What you produce should match the records below precisely, except that images are removed.

## Exercise materials
Segment Open

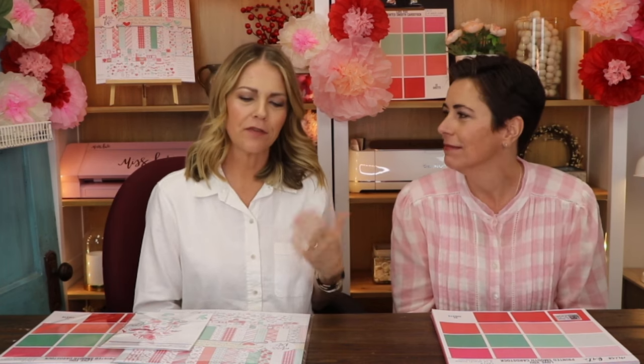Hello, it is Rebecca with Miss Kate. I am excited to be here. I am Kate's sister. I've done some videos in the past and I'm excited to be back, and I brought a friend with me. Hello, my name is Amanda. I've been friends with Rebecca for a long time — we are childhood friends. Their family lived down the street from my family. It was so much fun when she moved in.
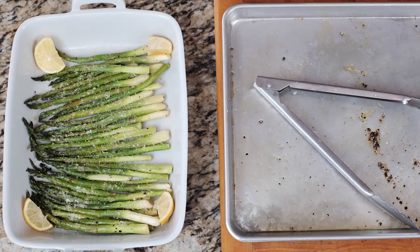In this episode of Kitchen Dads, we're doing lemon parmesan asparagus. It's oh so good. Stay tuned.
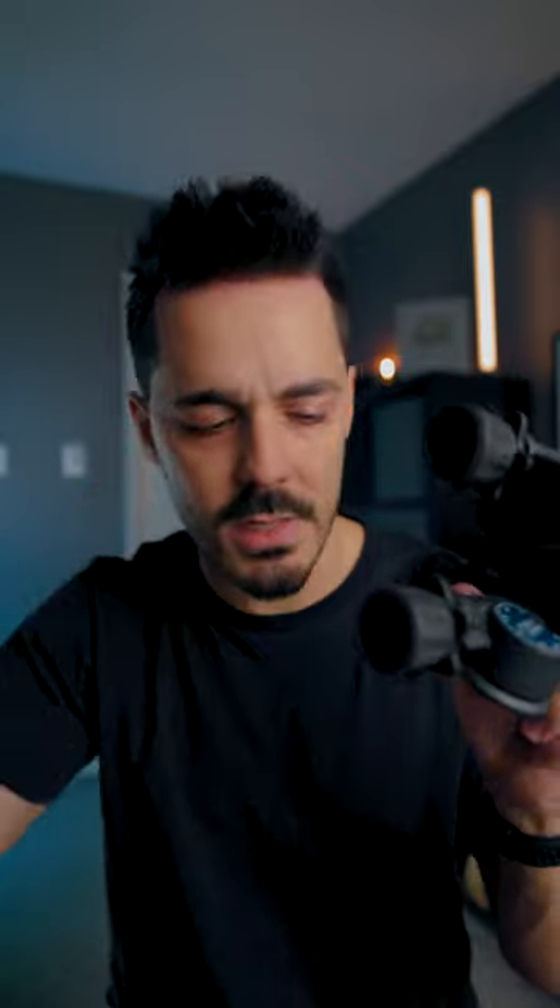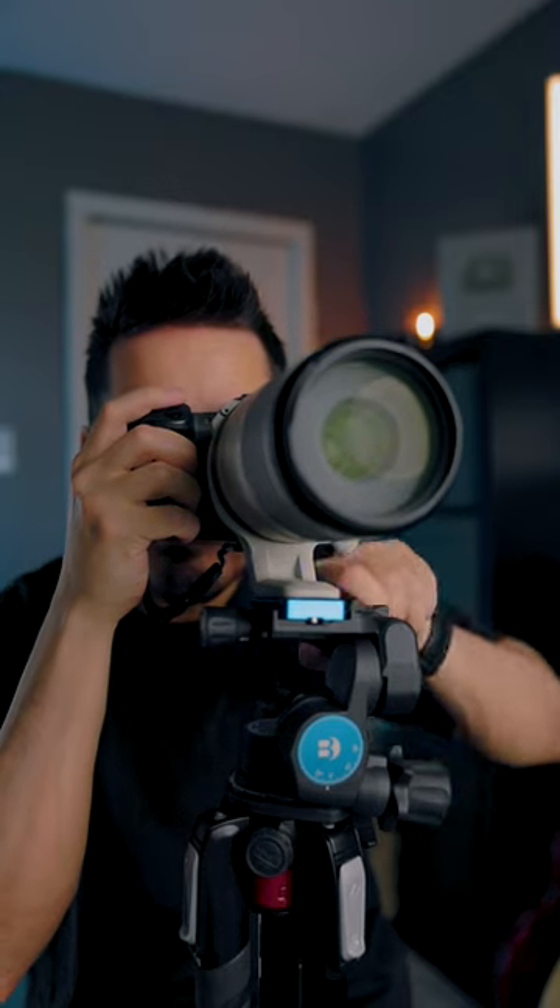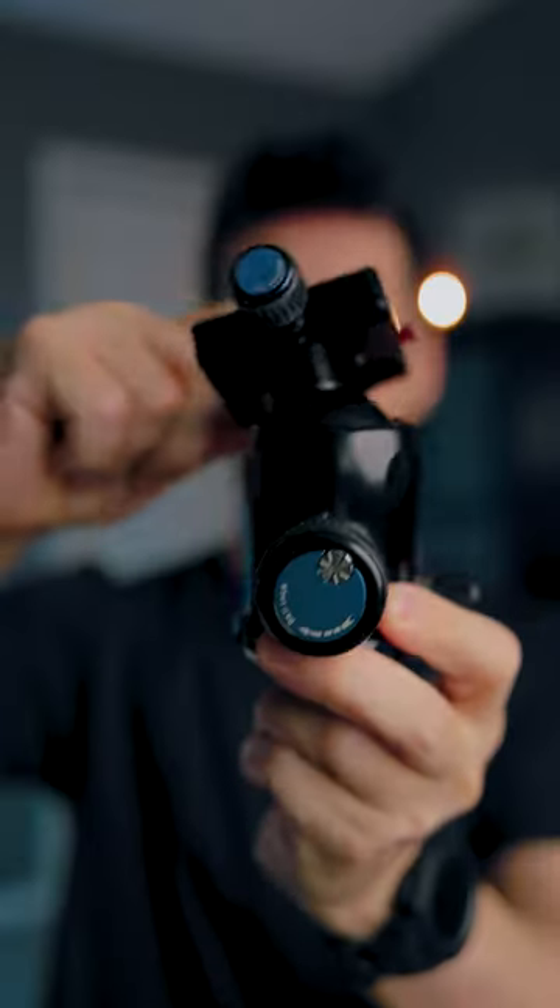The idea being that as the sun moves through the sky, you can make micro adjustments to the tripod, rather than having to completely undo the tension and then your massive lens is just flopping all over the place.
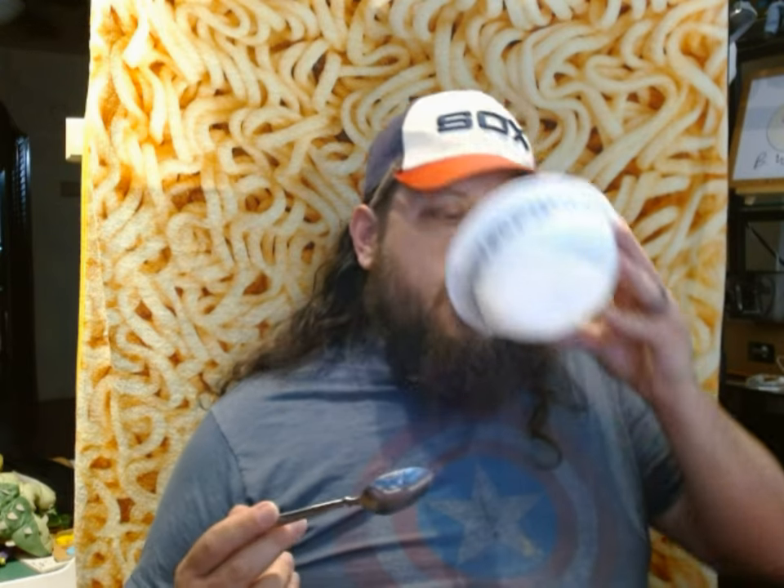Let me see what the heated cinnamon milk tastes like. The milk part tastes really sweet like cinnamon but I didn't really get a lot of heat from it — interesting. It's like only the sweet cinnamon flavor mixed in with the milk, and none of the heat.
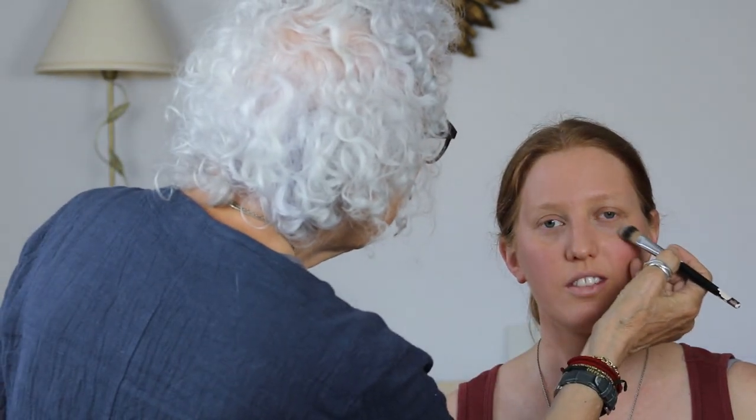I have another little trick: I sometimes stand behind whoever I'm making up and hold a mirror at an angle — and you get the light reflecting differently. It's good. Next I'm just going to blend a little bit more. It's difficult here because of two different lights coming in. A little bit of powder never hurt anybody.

Segment Closed

## Exercise solution
Hello, it is Rebecca with Miss Kate. I am excited to be here. I am Kate's sister. I've done some videos in the past and I'm excited to be back, and I brought a friend with me. Hello, my name is Amanda. I've been friends with Rebecca for a long time — we are childhood friends. Their family lived down the street from my family. It was so much fun when she moved in.
In this episode of Kitchen Dads, we're doing lemon parmesan asparagus. It's oh so good. Stay tuned.
The idea being that as the sun moves through the sky, you can make micro adjustments to the tripod, rather than having to completely undo the tension and then your massive lens is just flopping all over the place.
Let me see what the heated cinnamon milk tastes like. The milk part tastes really sweet like cinnamon but I didn't really get a lot of heat from it — interesting. It's like only the sweet cinnamon flavor mixed in with the milk, and none of the heat.
I have another little trick: I sometimes stand behind whoever I'm making up and hold a mirror at an angle — and you get the light reflecting differently. It's good. Next I'm just going to blend a little bit more. It's difficult here because of two different lights coming in. A little bit of powder never hurt anybody.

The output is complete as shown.